LeetCode解题之Text Justification

原题

把一个集合的单词按照每行L个字符存放,不足的在单词间添加空格,每行要两端对齐(即两端都要是单词),如果空格不能均匀分布在所有间隔中,那么左边的空格要多于右边的空格,最后一行靠左对齐,每个单词间一个空格。

注意点:

  • 单词的顺序不能发生改变
  • 中间行也可能出现只有一个单词,这时要靠左对齐
  • 每行要尽可能多的容纳单词

例子:

输入: words = [“This”, “is”, “an”, “example”, “of”, “text”, “justification.”], maxWidth = 16

输出:

[
   "This is an",
   "example of text",
   "justification. "
]

解题思路

这道题比较繁琐,题目就一大段。采用双指针的方法来标记当前行的单词,如果加上下一个单词的长度和每个单词间至少一个空格时的总长度大于目标长度,说明此时的单词就是该行应该存放的。要分是否只有一个单词还是多个单词进行讨论,如果有多个单词,需要平均分配单词间的空格。
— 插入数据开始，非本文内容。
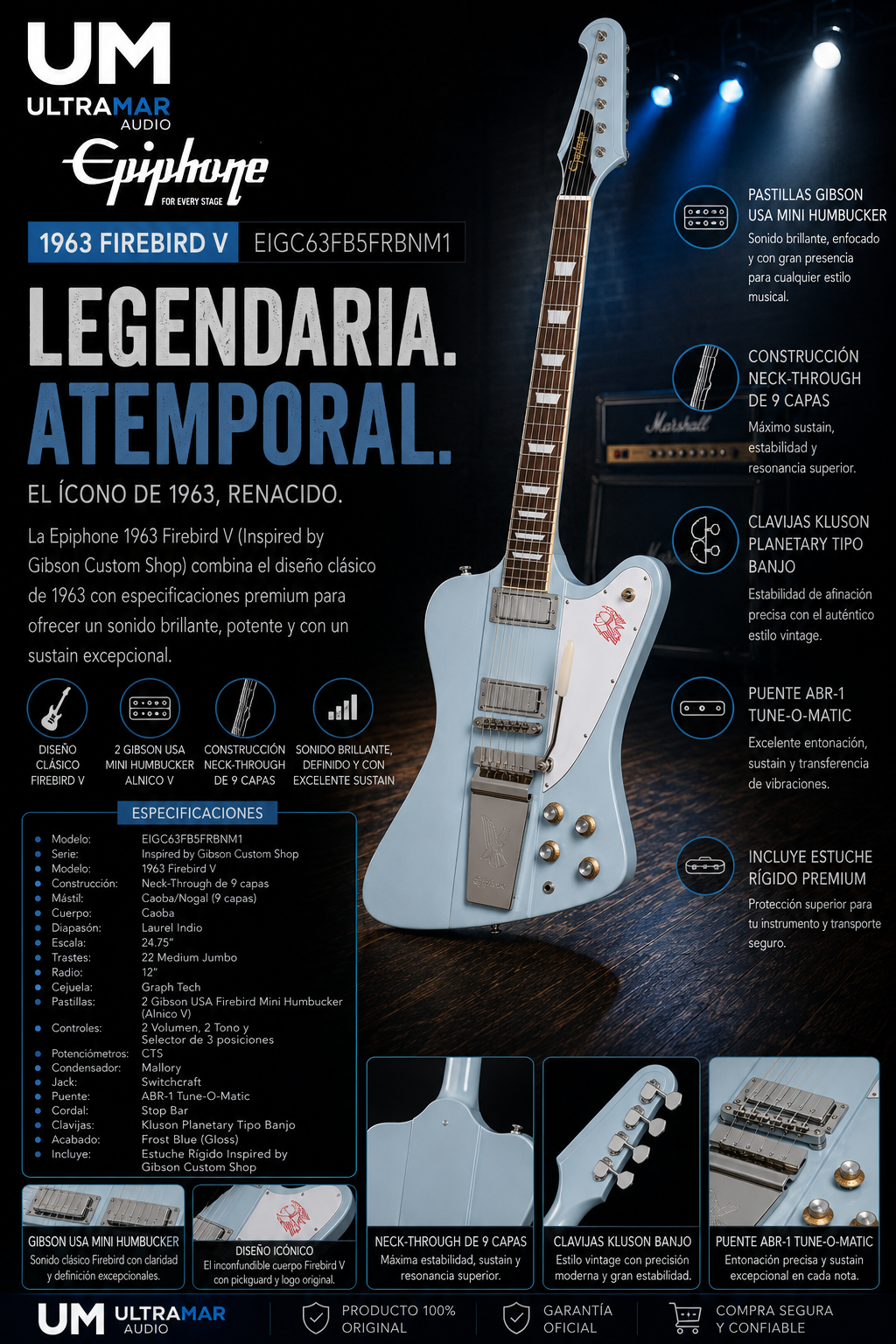 epiphone-eigc63fb5frbnm1-firebird-v-1963.webp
现在可以知道总的空格数和单词间隔数,所以计算单词间的间隔比较简单,注意多余的空格要优先添加到左边的单词间隔中。不要忘记添加最后一行的单词。

AC源码

class Solution(object):
    def fullJustify(self, words, maxWidth):
        """ :type words: List[str] :type maxWidth: int :rtype: List[str] """
        start = end = 0
        result, curr_words_length = [], 0
        for i, word in enumerate(words):
            if len(word) + curr_words_length + end - start  > maxWidth:
                if end - start == 1:
                    result.append(words[start] + ' ' * (maxWidth - curr_words_length))
                else:
                    total_space = maxWidth - curr_words_length
                    space, extra = divmod(total_space, end - start - 1)
                    for j in range(extra):
                        words[start + j] += ' '
                    result.append((' ' * space).join(words[start:end]))
                curr_words_length = 0
                start = end = i
            end += 1
            curr_words_length += len(word)
        result.append(' '.join(words[start:end]) + ' ' * (maxWidth - curr_words_length - (end - start - 1)))
        return result


if __name__ == "__main__":
    assert Solution().fullJustify(["This", "is", "an", "example", "of", "text", "justification."], 16) == [
        "This is an",
        "example of text",
        "justification. "
    ]

欢迎查看我的Github (https://github.com/gavinfish/LeetCode-Python) 来获得相关源码。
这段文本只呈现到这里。